Q: Is it the money or the prestige of winning that attracts you to the Skoal Showdown and means the most to the teams?
Bazemore: It is definitely the prestige. The money is good, but it is the prestige that means the most to me. All across the board in our sport there aren't many who compete in NHRA POWERade Drag Racing for just the money, it is for the love of the sport. It is the desire to accomplish goals. For that reason, winning the race has way more meaning that the paycheck that comes with it.
Q: What do you think about your first round opponent, Tim Wilkerson, the defending Mac Tools U.S. Nationals champion?
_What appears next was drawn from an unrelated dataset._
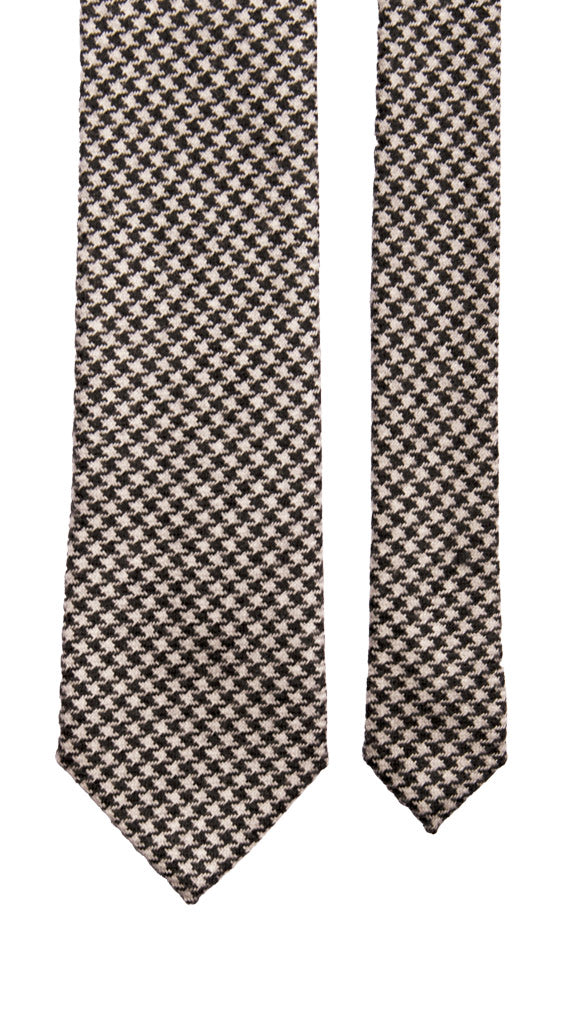 Cravatta in Lana Cashmere Pied de Poule Grigio Chiaro Nero Made in Italy Graffeo Cravatte Pala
Bazemore: Tim Wilkerson has been running really well here lately and they have a good team. Just qualifying for this race means that you are one of the very top guys in the sport. That makes it an elite event. If you come out on top it's really worth the effort. It will also help on Monday. The U.S. Nationals is our biggest event of the year and the one that everyone wants to win the most. To double-up and win them both would be very exciting.
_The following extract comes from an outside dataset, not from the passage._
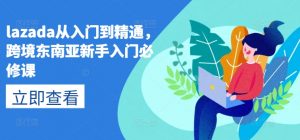 lazada从入门到精通,跨境东南亚新手入门必修课-聚富社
You won the dragster Shootout three times, how cool would it be to win the Skoal Showdown for Funny Cars?
Gary Scelzi: It's a big deal. We definitely appreciate Skoal putting up the 100k. It's more about winning the Showdown than anything. To be able to take anything I did in dragster and translate that over to Funny Car means a lot to me as a driver. Kenny Bernstein has been one of the only ones to be successful going from Funny Car to dragsters. It's a big thing. We have a really good race car right now. We ran great in testing and it's going to be a whole different ballgame this weekend.
Q: You did run really good in Indy testing and put some pretty impressive numbers up, numbers that most of us didn't expect to see with the 85 percent rule. You have to like your chances going into the Skoal Showdown.
Scelzi: I do. The thing I like the most is that the car is responding to the changes that Mike Neff (crew chief) is making to his tune-up. We struggled a little early in the year or we may not be so far away from (John) Force in the POWERade points chase at this time of the year. Again, these are the eight-best cars from the past year. Unfortunately my first round draw is Tony Pedregon and we all know the damage he can cause. But if I get by him, there's just more hitters in line. Take your pick. Any one of them, you really don't want to race. I'd like to have three singles for that 100 grand myself.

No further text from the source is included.